Log analysis with GoAccess
analytics nginx goaccessNow that we’re serving data from our Rasberry Pi, let’s see if anyone is actually consuming that data by analyzing our web server logs.
Getting GoAccess #
We’ll use GoAccess - Visual Web Log Analyzer to generate an html report from our nginx logs. There’s no official docker image for the Raspberry Pi, so we will need to build the image ourselves
git clone https://github.com/allinurl/goaccess.git
cd goaccess
docker build . -t allinurl/goaccess
Filtering the logs #
My nginx server is running as a docker container, so we can view the logs with this docker command:
docker logs blog-prod 2> /dev/null
I’ve customized my logs a bit so that the first three fields are the origin ip address, then the Cloudflare ip address, and finally the reverse proxy ip address (10.0.0.1
) . We can apply a filter to make sure that we analyze only traffic coming from the reverse proxy. This will exclude any testing where we make requests from the local network, for example.

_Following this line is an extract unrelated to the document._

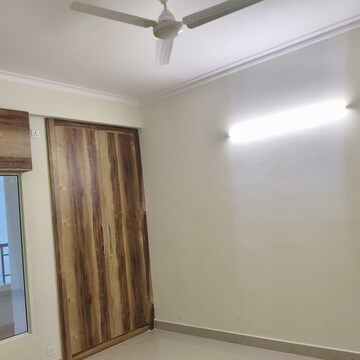 Room in 3 BHK Apartment at Mahagun Mywoods, Sector 16c Greater Noida – for Rent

docker logs blog-prod 2> /dev/null \
| awk '$1 ~ /[0-9]/ && $2 ~ /[0-9]/ && $3 ~ /10\.0\.0\.1/'
We can do further filtering to remove some common bots as well as our uptime monitoring:
docker logs blog-prod 2> /dev/null \
| awk ‘$1 ~ /[0-9]/ && $2 ~ /[0-9]/ && $3 ~ /10\.0\.0\.1/‘ \
| grep -v “UptimeRobot” \
| grep -v “Googlebot”
Finally, if we just want to look at page views from our tracking pixel, we can use this command:
docker logs blog-prod 2> /dev/null \
| awk ‘$1 ~ /[0-9]/ && $2 ~ /[0-9]/ && $3 ~ /10\.0\.0\.1/‘ \
| grep “interwebs.gif” \
| node ~/src/pixel-parser/index.js
Generating an HTML report #
We can pipe our logs through GoAccess to generate a nice HTML report from our log data. Based on the filters above, I’m going to generate three different reports:
- All traffic coming from the reverse proxy
- All traffic except bots
- Tracking pixel only
I’ve set up a script that can generate all three files:
#!/bin/bash
if [ -z "$DEPLOY_DIR" ]; then
echo "ERROR: DEPLOY_DIR not set"
exit 1
fi
docker logs blog-prod 2> /dev/null \
| awk ‘$1 ~ /[0-9]/ && $2 ~ /[0-9]/ && $3 ~ /10\.0\.0\.1/‘ \
| docker run \
--rm \
-i \
-e TZ=“America/New_York” \
allinurl/goaccess \
-d \
-o html \
--log-format COMBINED \
- > $DEPLOY_DIR/_site/goaccess-all-traffic.html
docker logs blog-prod 2> /dev/null \
| awk ‘$1 ~ /[0-9]/ && $2 ~ /[0-9]/ && $3 ~ /10\.0\.0\.1/‘ \
| grep -v “UptimeRobot” \
| grep -v “Googlebot” \
| docker run \
--rm \
-i \
-e TZ=“America/New_York” \
allinurl/goaccess \
-d \
-o html \
--ignore-crawlers \
--log-format COMBINED \
- > $DEPLOY_DIR/_site/goaccess-no-bots-traffic.html
docker logs blog-prod 2> /dev/null \
| awk ‘$1 ~ /[0-9]/ && $2 ~ /[0-9]/ && $3 ~ /10\.0\.0\.1/‘ \
| grep “interwebs.gif” \
| node ~/src/pixel-parser/index.js \
| docker run \
--rm \
-i \
-e TZ=“America/New_York” \
allinurl/goaccess \
-d \
-o html \
--ignore-crawlers \
--log-format COMBINED \
- > $DEPLOY_DIR/_site/goaccess-tracked-pages.html
Let’s add a cron job for these so they get refreshed periodically. Start your crontab editor with:
crontab -e
And add a job that runs every hour:
33 * * * * ~/generate-analytics-reports.sh
Serve the reports #
Finally, I’ve set up another very simple nginx container to serve the files. Here’s the default.conf
file:
server {
listen 80;
server_name localhost;
root /usr/share/nginx/html;
location / {
autoindex on;
}
}
And start the container with:
docker run \
-v $DEPLOY_DIR/_site:/usr/share/nginx/html:ro \
-v $DEPLOY_DIR/default.conf:/etc/nginx/conf.d/default.conf:ro \
-p 8082:80 \
--name analytics-webserver \
--restart always \
-d \
nginx
Now we can browse to http://interwebs.local:8082 and view each of the reports.